• [Task prompt] The output should hold exactly, and only, the lines from the line bearing "October Bingo Card" through the last line of the listing below, and no pictures.

• [Collected data]
==================================================

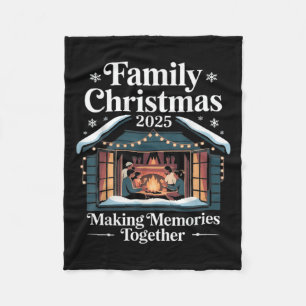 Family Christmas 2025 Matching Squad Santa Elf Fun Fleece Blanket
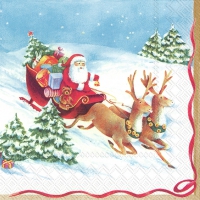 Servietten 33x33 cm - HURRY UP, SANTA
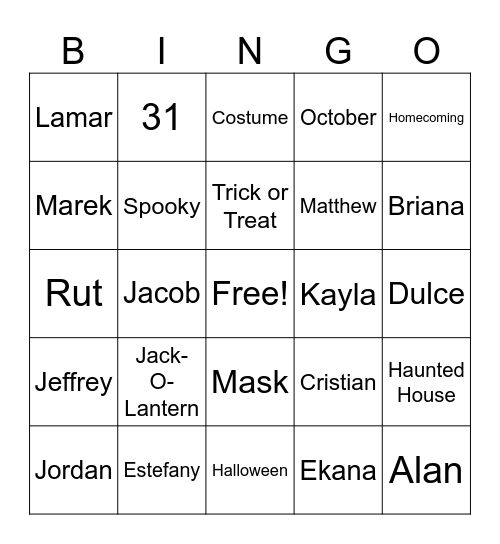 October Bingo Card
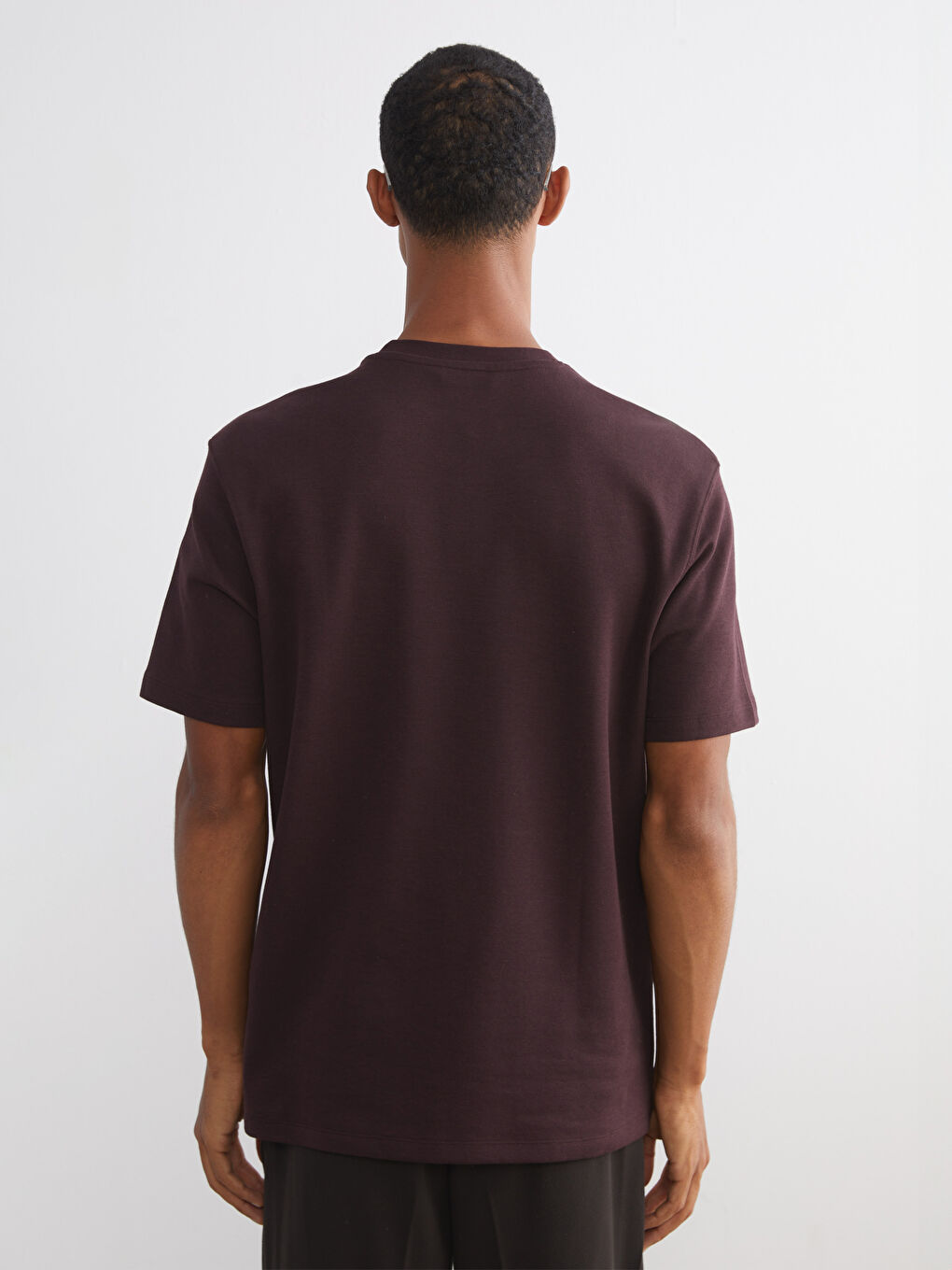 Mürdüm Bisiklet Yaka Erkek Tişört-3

==================================================

• [Result]
 October Bingo Card
 Mürdüm Bisiklet Yaka Erkek Tişört-3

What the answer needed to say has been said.